Le mot « conceptuel » est polyvalent, descriptif à la fois d’une essence et d’un phénomène. Un humain peut ne pas être grand, ni colérique, mais c’est toujours un être conceptuel puisque ce pouvoir psychique d’abstraction est l’outil existentiel qui définit justement l’esprit humain. Pourtant, le langage dégage des distinctions au niveau des activités humaines, annonce que jardiner ou faire une tarte sont des entreprises moins intellectuelles que lire ou écrire, et différencie l’intelligence pratique de l’intelligence conceptuelle.
Mais c’est mal situer la fonction conceptuelle.
Quand l’intelligence de l’animal saisit la relation qu’il entretient avec son milieu (et en conséquence agit pour favoriser sa survie), l’intelligence de l’humain saisit en outre les rapports existants entre les choses qu’il perçoit.
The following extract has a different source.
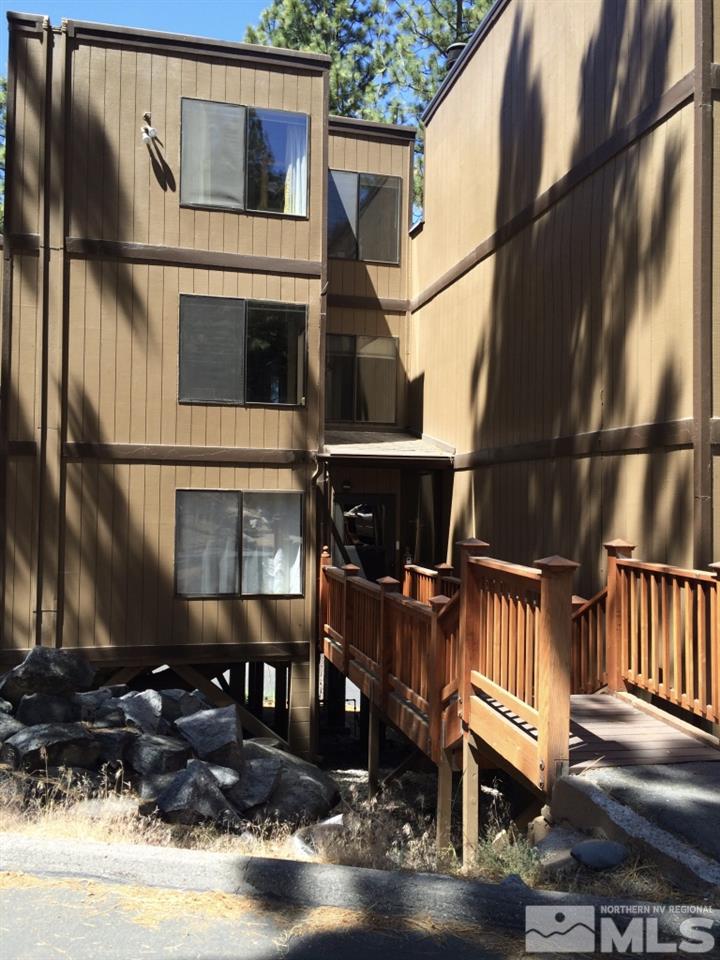 233 Clubhouse Circle Stateline, NV 89449 - Photo 2 of 28 a view of a house with a wooden deck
Cet intérêt métaphysique est amorcé dans la curiosité que manifeste parfois l’animal mais sa capacité mentale ne transcende pas ce premier mouvement. Ce que peut l’humain, c’est inventer un acte qui prouve et qui teste cette perception en créant un événement qui le matérialise. Le concept est l’acte psychique humain qui donne forme à la saisie intuitive de la relation.
La fonction conceptuelle est donc le bras armé pour une maîtrise de la matière puisqu’elle prend et conserve une image instantanée de la perception de l’objet. Puissance de classement, elle contient les catégories qui figurent le mouvement du vécu et transforment les images perçues en outils disponibles pour l’action. La technique démontrée par l’intelligence pratique est l’affirmation de la faculté conceptuelle.
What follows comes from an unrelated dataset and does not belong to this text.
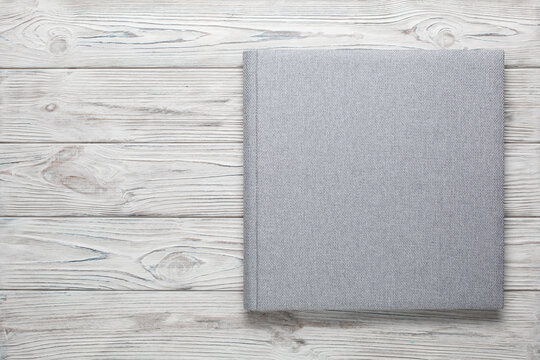 family photo book with grey fabric cover. stylish wedding photo album on wooden background with copy space for text. light photobook close up. family photoalbum  with beautiful texture cover isolated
En ce sens, le mot qualifie l’essence de l’humain. C’est l’aptitude à qualifier qui se révèle à elle-même. Mais ce qui l’intéresse est l’acte existentiel. La spécialisation dérivée concerne alors la qualification d’un acte défini. Les performances intellectuelles dont les matériaux de base sont ces objets abstraits que forment les catégories paraissent plus précisément le jeu de « l’intelligence conceptuelle ».
Mais il est un autre niveau de qualification pour le mot.
La faculté d’agir une image virtuelle et de former des concepts est l’outil existentiel de l’humain. Comme les animaux ou les végétaux ont des aptitudes naturelles qu’ils aboutissent plus ou moins, il s’agit pour l’humain de bien conduire son pouvoir spécifique.
Quand un organisme animal est affecté par son milieu, l’élan vital le pousse à réagir dans le sens de son intérêt de même que son désir l’incite, pour sa survie, à la prédation qui est en fait une auto-défense. La nature animale n’affecte ou n’est affectée que pour le bénéfice du corps. Cependant, la nature psychique de l’humain peuple son univers d’entités dont la virtualité n’empêche pas l’influence d’être active. La conséquence est que l’humain peut engager une action agressive ou défensive pour un mot.
Cette folie qui accorde le même indice de réalité à un corps et à son ombre est issue d’une distorsion des pouvoirs psychiques. L’évaluation affective qui détermine la volonté et inspire l’acte se fait « naturellement » en fonction des informations perçues par le sujet dans son milieu. L’environnement humain est perçu par un cerveau qui organise le fait en signe. Quand c’est le signe qui commande l’affectivité, il y a exclusion du fait. L’acte est alors le reflet d’un découpage conceptuel arrêté qui prétend ignorer toute autre construction. La puissance psychique d’abstraction qui permet la technique n’est plus seulement l’outil de l’intérêt, elle en devient le référent.
Qualifier une conduite de « conceptuelle » revient à dire qu’elle se détourne de la complexité de l’univers et de sa véritable origine pour se borner à une vue partielle en se berçant de l’illusion qu’elle englobe tout ce qu’elle nie.
Être « conceptuel » est l’aberration de la conduite humaine, quand elle fait une fin d’un moyen et qu’elle utilise en le réduisant à sa capacité technicienne un pouvoir qui offre la transcendance à son existence.